EXERCISE OBJECTIVE: Everything in the listing that follows should be reproduced exactly except the pictures.
━━━
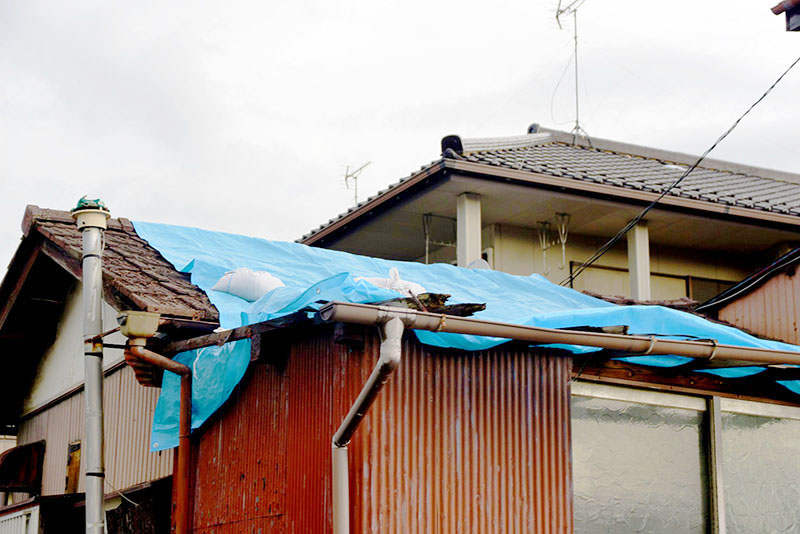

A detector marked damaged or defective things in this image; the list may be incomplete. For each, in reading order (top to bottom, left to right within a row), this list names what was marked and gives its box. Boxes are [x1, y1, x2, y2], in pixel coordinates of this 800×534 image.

damaged roof [298, 125, 800, 243]
broken roof section [298, 127, 800, 247]
damaged roof [15, 204, 220, 322]
rusty corrugated metal wall [720, 272, 800, 344]
rusted metal panel [720, 270, 800, 346]
rusted metal panel [16, 368, 172, 498]
rusty corrugated metal wall [17, 366, 173, 500]
rusty corrugated metal wall [186, 328, 576, 532]
rusted metal panel [188, 328, 576, 532]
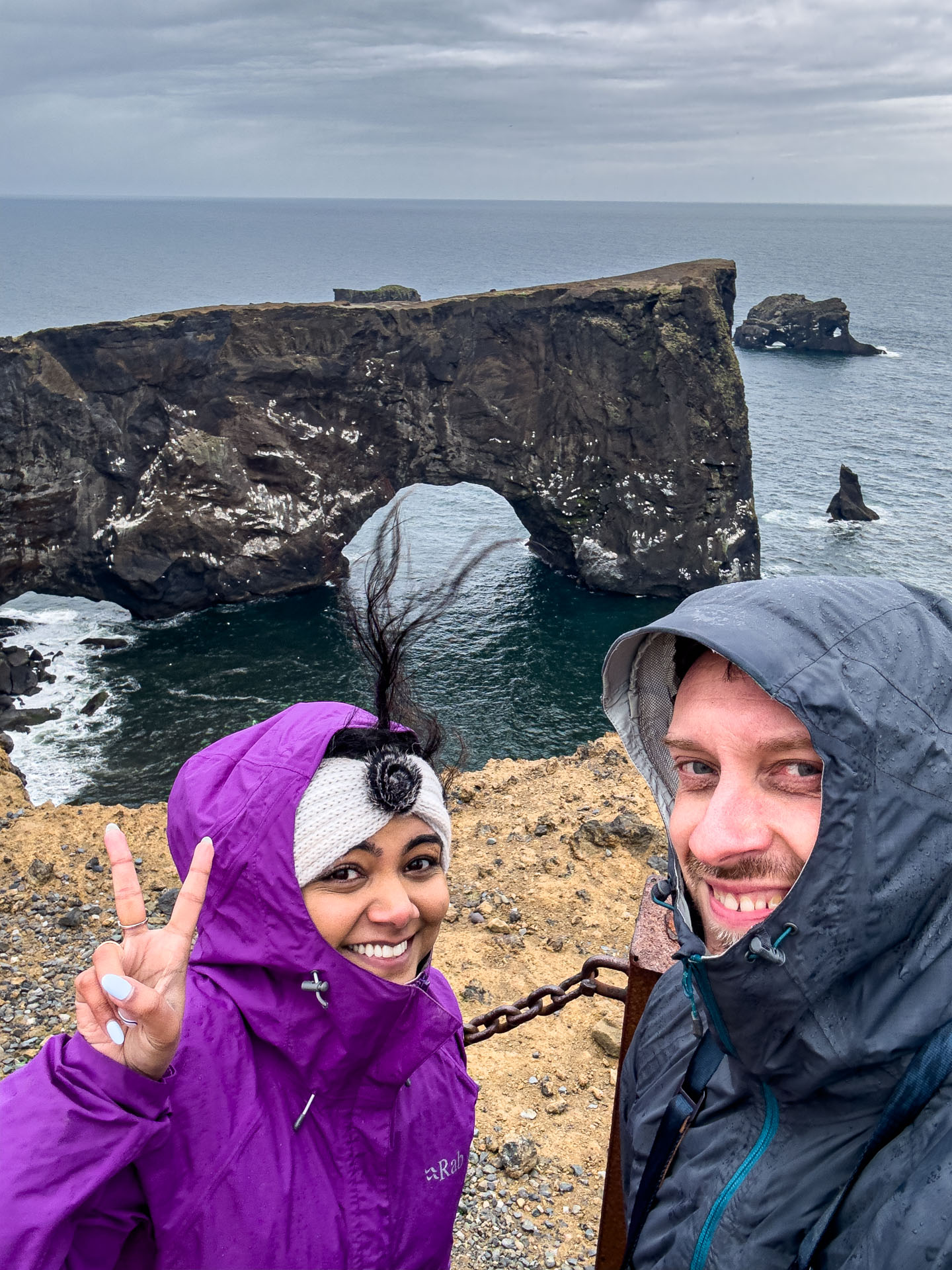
━━━
RESULT BELOW:
A detector marked damaged or defective things in this image; the list may be incomplete. For each, in reading order (top to bottom, left to right within a row), this list names what was marked and gives its box. Boxes are [x1, y1, x2, y2], in pixel coordinates of this 800×534 image.

damaged roof [298, 125, 800, 243]
broken roof section [298, 127, 800, 247]
damaged roof [15, 204, 220, 322]
rusty corrugated metal wall [720, 272, 800, 344]
rusted metal panel [720, 270, 800, 346]
rusted metal panel [16, 368, 172, 498]
rusty corrugated metal wall [17, 366, 173, 500]
rusty corrugated metal wall [186, 328, 576, 532]
rusted metal panel [188, 328, 576, 532]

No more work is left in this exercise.